Please keep to the lines below from the one with "Was sind Sukhrob" through the one with "La fiscalidad de", and restate them word for word, ends included.

Records contained in a dataset
---+---
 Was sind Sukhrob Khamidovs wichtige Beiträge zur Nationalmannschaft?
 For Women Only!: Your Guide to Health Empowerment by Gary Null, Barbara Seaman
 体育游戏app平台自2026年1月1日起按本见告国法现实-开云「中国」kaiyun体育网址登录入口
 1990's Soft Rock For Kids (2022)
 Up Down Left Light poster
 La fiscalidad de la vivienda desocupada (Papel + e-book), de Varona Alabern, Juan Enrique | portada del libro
---+---
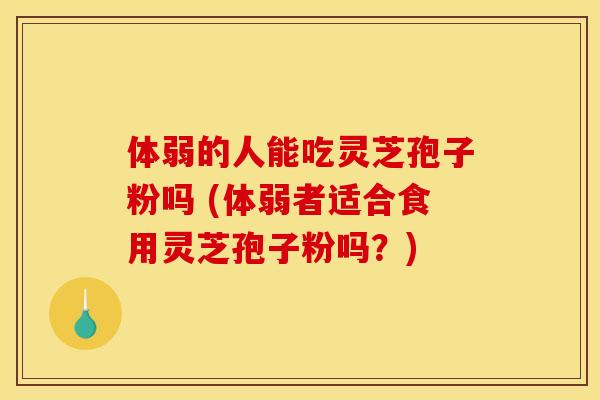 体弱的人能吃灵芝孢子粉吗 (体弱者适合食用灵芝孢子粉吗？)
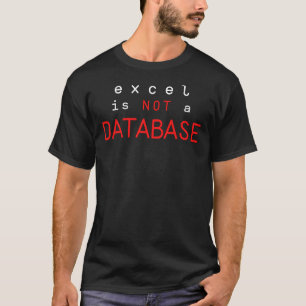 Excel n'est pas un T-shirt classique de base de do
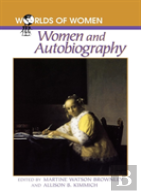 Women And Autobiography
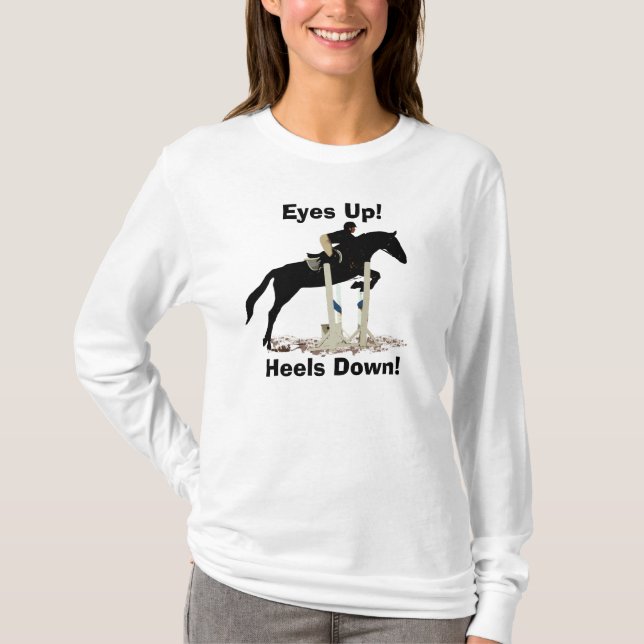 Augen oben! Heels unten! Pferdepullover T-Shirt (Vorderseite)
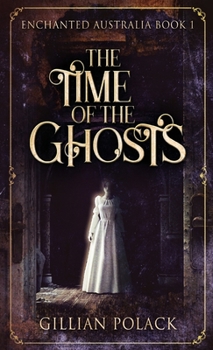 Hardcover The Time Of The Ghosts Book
---+---
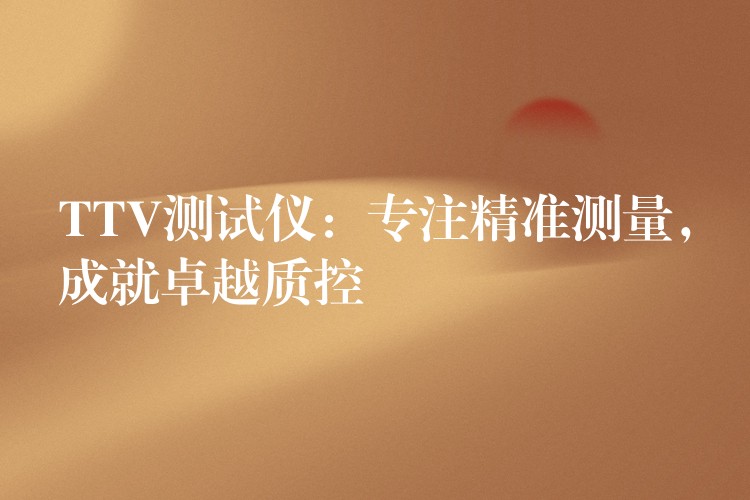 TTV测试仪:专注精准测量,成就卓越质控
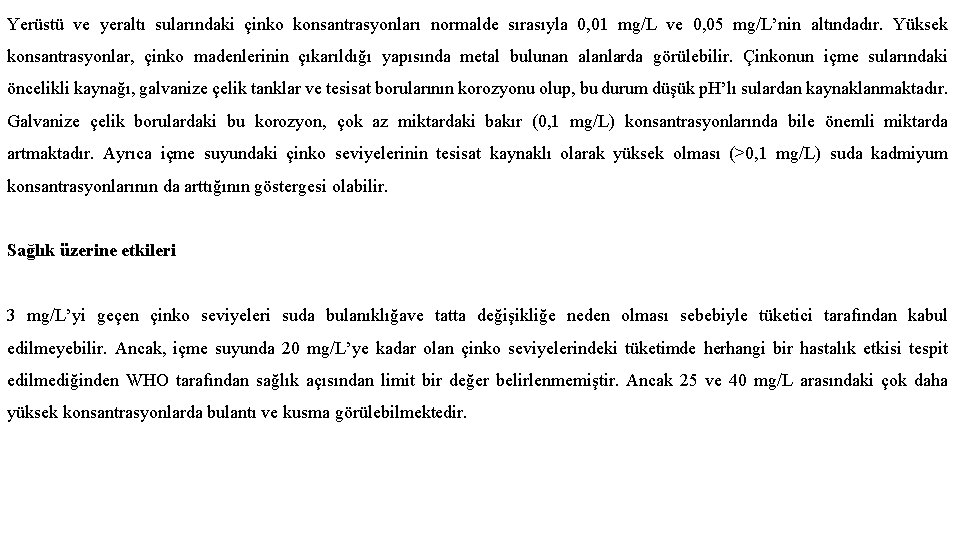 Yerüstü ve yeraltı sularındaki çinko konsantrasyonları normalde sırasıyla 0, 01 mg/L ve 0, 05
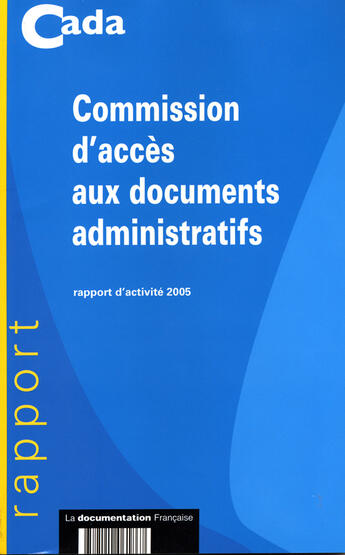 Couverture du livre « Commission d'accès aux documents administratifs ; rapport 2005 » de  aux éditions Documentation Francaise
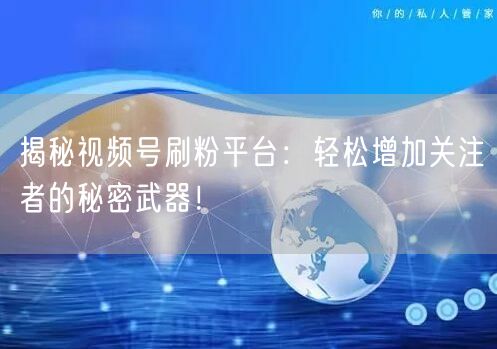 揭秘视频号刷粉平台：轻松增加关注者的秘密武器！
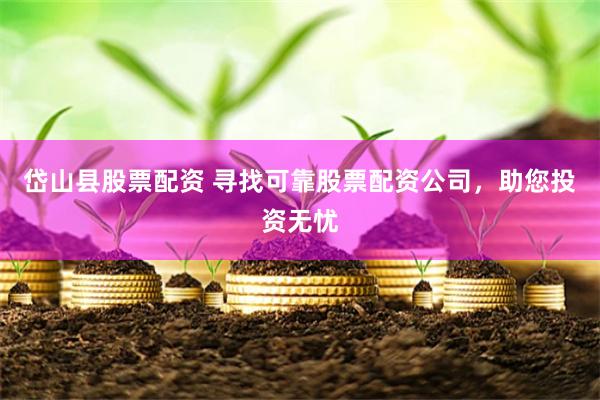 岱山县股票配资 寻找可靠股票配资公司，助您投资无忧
---+---
§ **Written response**:
 Was sind Sukhrob Khamidovs wichtige Beiträge zur Nationalmannschaft?
 For Women Only!: Your Guide to Health Empowerment by Gary Null, Barbara Seaman
 体育游戏app平台自2026年1月1日起按本见告国法现实-开云「中国」kaiyun体育网址登录入口
 1990's Soft Rock For Kids (2022)
 Up Down Left Light poster
 La fiscalidad de la vivienda desocupada (Papel + e-book), de Varona Alabern, Juan Enrique | portada del libro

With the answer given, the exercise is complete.